There be no order for costs.
| FEDERAL MAGISTRATES COURT OF AUSTRALIA AT SYDNEY |
SYG 2349 of 2005
| SZHAF |
First Applicant
| SZHAG |
Second Applicant
And
| MINISTER FOR IMMIGRATION & MULTICULTURAL & INDIGENOUS AFFAIRS |
First Respondent
| REFUGEE REVIEW TRIBUNAL |
Second Respondent
REASONS FOR JUDGMENT
Application
This is an application for review of a decision of the Refugee Review Tribunal. The decision was made on 29 June 2005 after a hearing scheduled for that day. The Applicants are twin girls who were born in Australia on 10 December 2004. The Applicants’ mother advised the Tribunal that the children would not be attending the hearing and consented to the Tribunal making a decision without taking any further action to allow the Applicants to appear. This is hardly surprising in one sense, as the Applicants themselves were only six months old at the date of the hearing. It would have been open to the children’s parents to have presented evidence or made submissions on their behalf.

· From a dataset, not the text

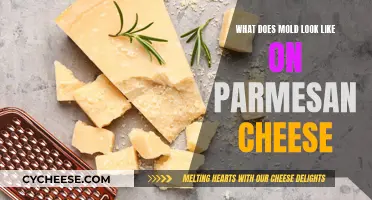 Visual Guide: Spotting Mold on Parmesan Cheese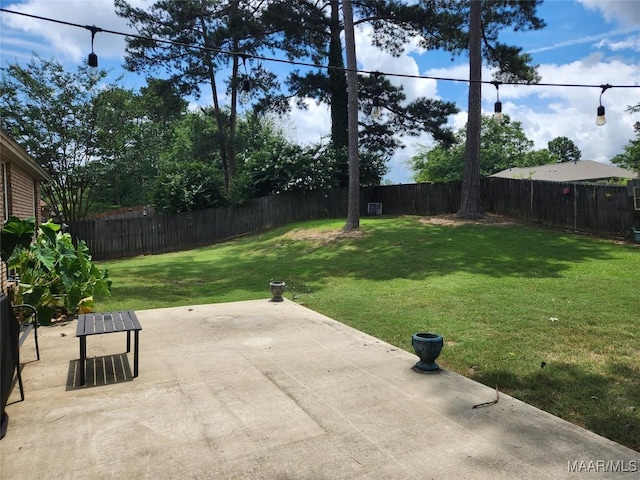 view of yard featuring a patio area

The Refugee Review Tribunal handed down its decision on 19 July 2005, affirming the delegate’s decision not to grant protection visas to the Applicants.
The Tribunal was differently constituted from the Tribunal that heard the Applicants' parents case. The Tribunal noted at page 19 that the claim made on these Applicants' behalf is that their parents applied for protection visas and that they fear harm because of their parents.
The claims made by the parents in their own protection visa applications were in fact set out in the children's application. There were no separate claims made in respect of the children. The Tribunal member said at p.21:
My task in determining this review is not to make another decision in relation to the Applicants' parents claims. This has already been done.
The Tribunal went on to say:
No information was provided to the Department or the Tribunal which had not already been considered in determining the Applicants' parents case. In addition no information has been provided to the Tribunal which could lead to a conclusion that the Applicants would face harm amount to persecution for any reason unconnected with the claims made by their parents. Through the Tribunal's letters to the Applicants the Applicants' parents are aware that the Tribunal was unable to make decisions in favour of the Applicants on behalf of the written material, but did not take up the opportunity to attend the Tribunal hearing and give further oral evidence.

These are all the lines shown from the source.